Imagine Dragons hit serious pay dirt in 2012 with their multi-million-selling debut Night Visions. That album was hard to pigeonhole: not because the Las Vegan band has alighted upon a hitherto-undiscovered musical genre, but rather because their sound is, frankly, all over the place: a ragbag assortment of arena rock, hip-hop, blues and folk. If reaching for a concise label, Imagine Dragons could best be described as “Coldplay on steroids”.
And now here is the follow-up, Smoke + Mirrors, co-produced by the band and English producer Alex da Kid (whose previous clients include Eminem and Nicki Minaj).
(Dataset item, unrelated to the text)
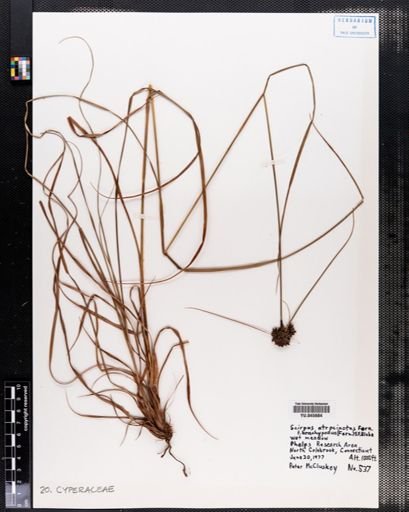 Scirpus atrocinctus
Like Night Visions, it sounds like the product of a severe case of musical attention deficit disorder, as genres are spliced and mashed together like a hurriedly-assembled playlist.
Opening track and first single Shots deploys a guitar part reminiscent of Coldplay circa Viva La Vida alongside pulsing synths (and a decent-enough melody). I’m So Sorry’s quite obvious attempts to sound like The Black Keys are hamstrung by a deliriously incongruous guitar solo that sounds like Hocus Pocus by Focus; I Bet My Life is – in all seriousness – death metal gospel; Trouble resembles an angrier Mumford And Sons and, right at the album’s death, The Fall pulls out a closing section that recalls one of The National’s more propulsive moments.
All of which makes Smoke + Mirrors sound like a cynical effort to appeal to all of the people, all of the time. And yet, much of this album is so odd-sounding that it’s hard to imagine its creators being especially commercially-minded. Take, for instance, Gold’s weird hiccup sound effect that announces its lurching, unpleasant chorus. Or the bizarre noises on the title track’s bridge which, on first play, will convince the listener that something’s up with their playback device. Or that weird, high-pitched sound that works its way through Summer. In among this melange of genres and sounds, perhaps the most surprising moment is It Comes Back To You, which succeeds in actually being quite pleasant.
To be blunt, much of Smoke + Mirrors is horrible to listen to. (One imagines a Soundcloud-style imaging of the album would resemble a very long, very loud rectangle.) And yet, one can’t help but admire the band’s ambition and, on occasions, their apparent lunacy. Smoke + Mirrors might be a lot of things, but one thing it’s not is boring.